I love how you love the Lord.
your life shines with the
Christ-like example you portray daily.
I am infinitely joyful that
He saved your soul (as well as mine).
I am thankful for the
friendship we share.
I’m content to talk to you for hours;
whether about nothing or everything,
it matters little.
I treasure each moment
spent with you.
You may never know how special
you make me feel.
You make me feel like a real woman,
worthy to be loved and cherished.
No one’s ever made me feel this way before,
not until you came along.
I truly shed some tears when I read
certain touching phrases from your letters.

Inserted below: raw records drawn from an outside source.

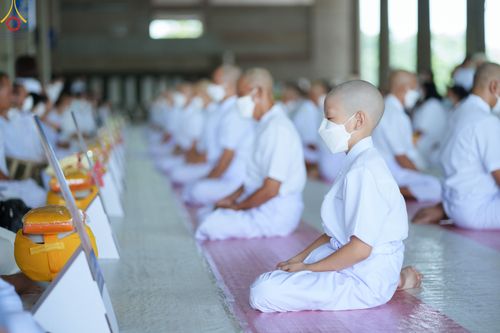 ภาพ No.84126:พิธีเวียนประทักษิณ พิธีวันทาเจดีย์ พิธีขอขมา และมอบผ้าไตร  ในโครงการบรรพชาอุปสมบทหมู่ธรรมทายาทรุ่นเข้าพรรษา และโครงการบรรพชาสามเณรโรงเรียนนานาชาติ รุ่นที่12 ในวันเสาร์ที่ 22 กรกฎาคม พ.ศ. 2566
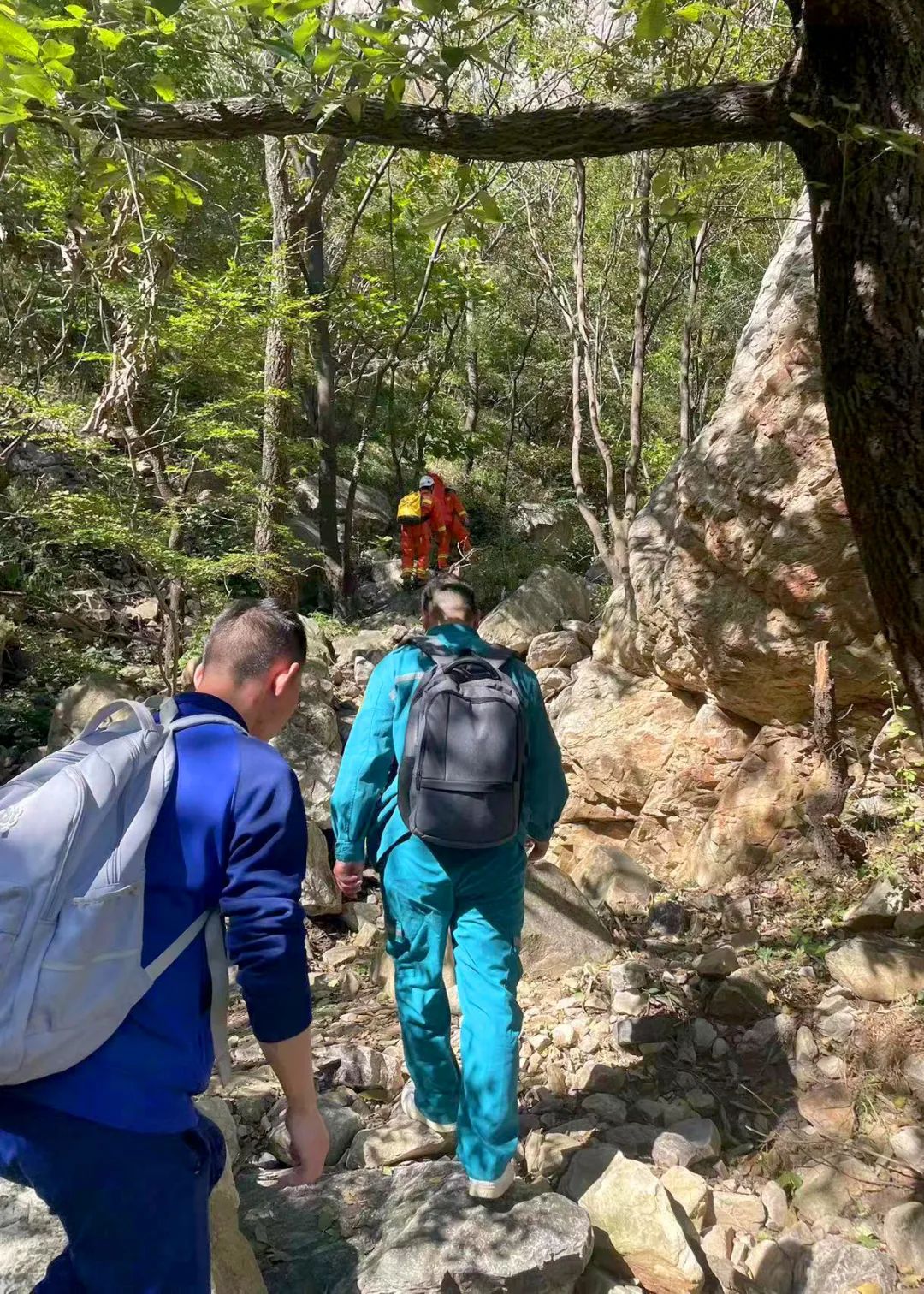 游客登山不走“尋常路”遇險，幸有“急診綠”、“火焰藍”翻山越嶺緊急救援！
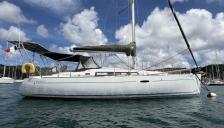 Bénéteau Oceanis 37 Limited Edition : On mooring in Martinique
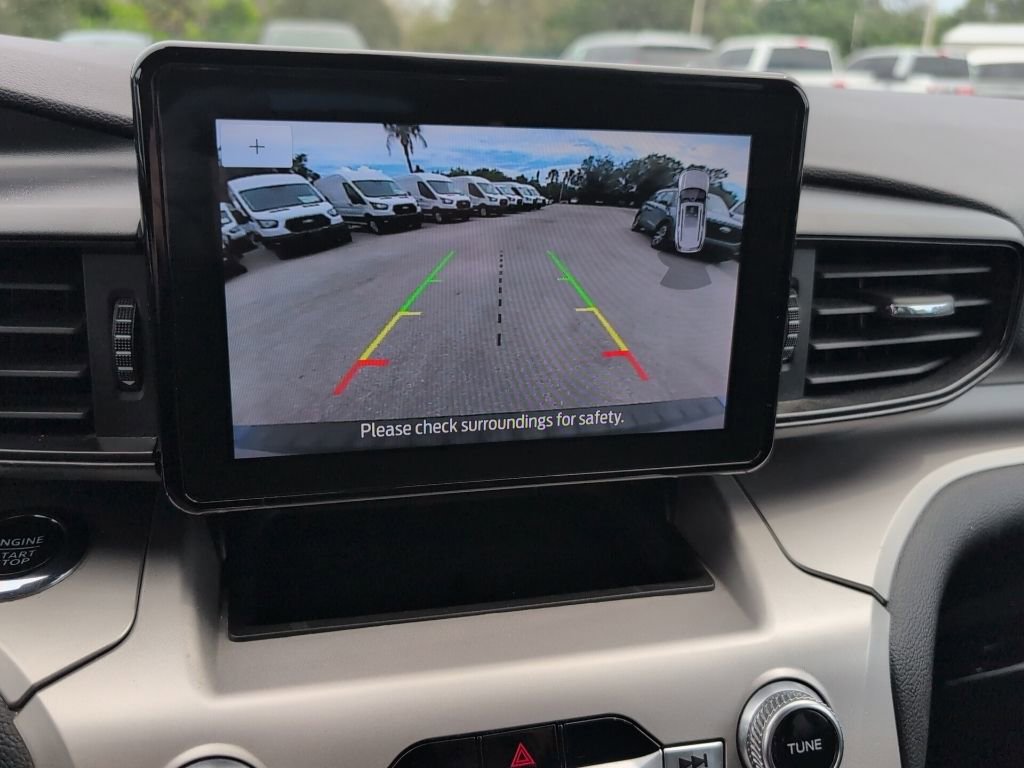 Certified 2022 Ford Explorer XLT image 18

Thank you, from the whole of my being.
It’s hard to believe that someone
as sweet and thoughtful as you would pick
me, Aimee, what with all
my insecurities, fears, and quirks. What a blessing!
I know I’m unique,
but I guess I’m not used to
receiving positive attention for it.
When you hold my hand or
embrace me tightly,
you make me feel safe, protected, and at home.
It just feel so… right,
if you know what I mean.
I wonder if you’re the soul mate
God chose for me…
because you might be.
I happened to have been praying for my future husband these past six months or so—
for his spiritual walk,
and that he’d have the self-control to
wait for me.
I pray for you day and night, and
I love you dearly…
Perhaps it will become a deeper love as
time goes by.
For the present, anyhow,
you are extraordinary,
and I couldn’t be more thankful.
We’d only been dating around six weeks at this point. We were both 17 years old. We went to different high schools, so we legitimately wrote letters to one another at times which we would later hand-deliver. We had not yet said “I love you” nor had we kissed. I believed in the idea of soul mates back then and I don’t any more, but that’s a topic for another day. The fact remains he was to be my best friend and husband. Somehow, just six weeks in and at the age of 17, I was correct in thinking he was the one for me.
There are things in here I wrote of that I think are important to find when entering any relationship, too. I had identified that Chris was easy to talk to. I identified our shared common values (our faith in Christ). I’d found someone whom I felt safe and secure with; a person who looked at me and saw my uniqueness as a gift. I found someone who cherished me and loved me before himself. These things were evident even six weeks in and even as teenagers, and they remained part of our relationship for the entire 11 years I had with him. Chris was a man of kindness and character.
In this particular case, the gushings of a teenage girl were well-founded. In Chris I was given the kind of love most people only dream of.